Si potrebbe dire che la qualità dell'apprendimento è strettamente correlata alla qualità dell'insegnamento, per cui l'azione dell'insegnante con precise funzioni di programmazione didattica consente il raggiungimento di conoscenze, abilità e competenze specifiche. Pertanto, è proprio la relazione educativa, grazie al preciso impegno professionale e alla responsabilità inclusiva del docente, a configurarsi come un ambiente dinamico ed emozionale da cui possono scaturire suggestioni didattiche: è più possibile che gli alunni esprimano Gli studenti. i loro bisogni impliciti, tanto più si rafforzeranno le condizioni per un’azione didattica finalizzata al successo formativo di tutti (Chiappetta Cajola, Bocci e De Angelis, 2017).

Dimensione socio-emotiva e contesti educativi: l’insegnante fa- cilitatore del benessere

La questione si sposta quindi da una concettualizzazione astratta del rapporto tra emozione e ragione alla necessità di interagire con queste dimensioni dell'essere umano, e attraverso di esse, in situazioni specifiche (Baldacci, 2008). Per valorizzare questa dimensione emotiva nell'apprendimento è fondamentale il ruolo dell'insegnante, che può scegliere di essere facilitatore del benessere nell'apprendimento, promotore e facilitatore di “passioni gioiose” (Contini, 2009); in grado di creare le condizioni per un apprendimento felice; attento all'insidia della paura di fallire e alla gestione degli errori (Chiappetta Cajola, 2008); in grado di favorire un clima affettivo confidenziale, collaborativo, sereno e positivo che generi coinvolgimento e partecipazione attiva (Morganti e Bocci, 2017); disposto a portare felicità ai suoi studenti, anche usando l'umorismo (McGhee, 1989); consapevole di essere lui stesso un elemento fondamentale del contesto educativo e consapevole che la vita emotiva della scuola è molto ampia e complessa, ricca di mille sfaccettature, chiaroscuri e ambivalenze (Morganti, 2012); attivatore delle risorse emotive proprie e degli studenti; in grado di strutturare luoghi emotivamente connotati (Baldacci, 2008) sviluppando significativi apprendimenti e benessere nella vita.

Scenari di riflessione aperti su emozioni e inclusività

Proprio la chiarificazione del ruolo dei valori nella progettazione dell’inclusione ha rappresentato un elemento nuovo dell’Indice rispetto ai precedenti strumenti di valutazione dell’inclusività (Dovigo, 2017).

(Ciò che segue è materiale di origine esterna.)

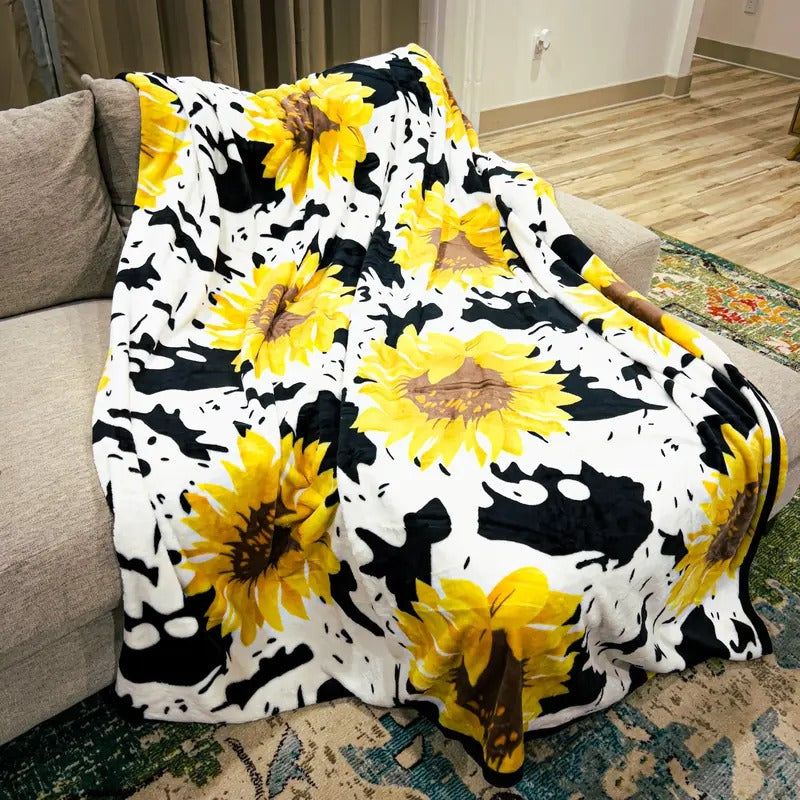 Sunflower Cow Throw 78X90 T-Shirts, Hoodie, Sweatshirt | RetroVerseTees.com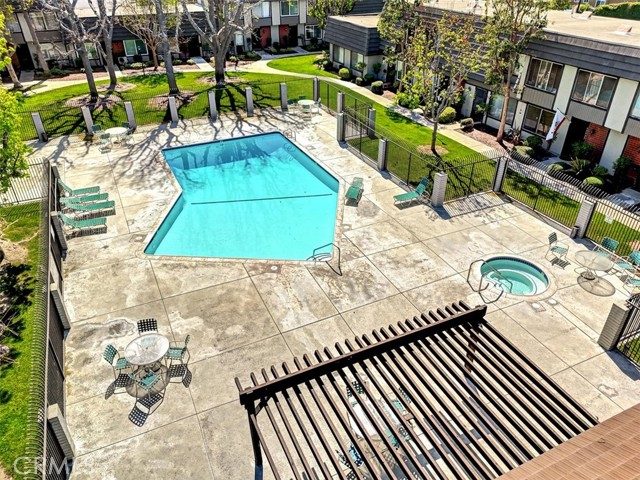 Detail Gallery Image 10 of 31 For 17715 Regency, Bellflower,  CA 90706 - 2 Beds | 2 Baths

Come possiamo vedere, i valori inclusivi proposti si identificano con reali competenze socio-emotive (empatia, amore) o aspetti emotivi umani (gioia) necessarie per realizzare, in un’ottica di facilitazione e abbattimento delle barriere, ciò che potremmo definire affettivo. la cultura come orizzonte valoriale su cui fondare i modelli educativi e inclusivi che governano il modo di funzionamento, il modo di proporre l’offerta formativa e l’intera dinamica interna del sistema scuola.

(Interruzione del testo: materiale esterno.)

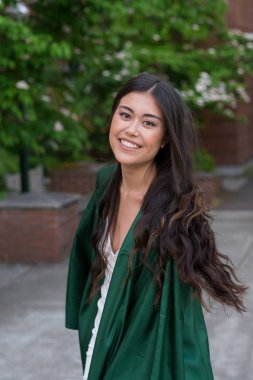 Üniversite Mezuniyet fotoğraf Üniversitesi kampüsünde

Risorse strategiche per la didattica inclusiva

Da questo punto di vista si evidenzia la caratteristica fondamentale del processo di insegnamento-apprendimento, ovvero la dimensione sociale e affettiva dell’interazione tra tre elementi educativi, l’alunno, l’insegnante, il sapere, in cui l’insegnante funge da mediatore. Ciò significa, innanzitutto, tenere conto, in relazione alle potenzialità di ciascuno, delle strategie didattiche che hanno favorito la personalizzazione dell'apprendimento e ricorrere di conseguenza ad una valutazione dalla forte valenza orientativa.

Osservazioni conclusive

De Angelis Barbara (2015), “Competenza emotiva e futuri educatori: un'esperienza formativa della didattica universitaria”, in G. De Angelis Barbara, Greganti Paola (2010), “Lo sviluppo della competenza creativa dei docenti: un'indagine esplorativa”, in un.

Per una valutazione inclusiva

Caratteristiche della valutazione inclusiva

Si tratta di un passaggio fondamentale, anche alla luce della capacità dei processi di valutazione di sostenere dinamiche partecipative all'interno delle comunità. Gli articoli presenti nell'Indice per l'inclusione, con le relative domande guida (così come quelle proposte nel nuovo PEI), rappresentano un'ottima definizione operativa di questo passaggio.

Caratteristiche della valutazione educativa

La valutazione educativa può essere definita come un processo che consente l'emissione di un giudizio di valore espresso nella distanza riscontrata tra gli obiettivi e la realtà e utile per assumere decisioni volte a ridurre tale distanza. Esaminiamo questi tre aspetti – cioè il giudizio di valore, l'accertamento della distanza, la riduzione della distanza – inquadrandoli ciascuno dal punto di vista dell'inclusione.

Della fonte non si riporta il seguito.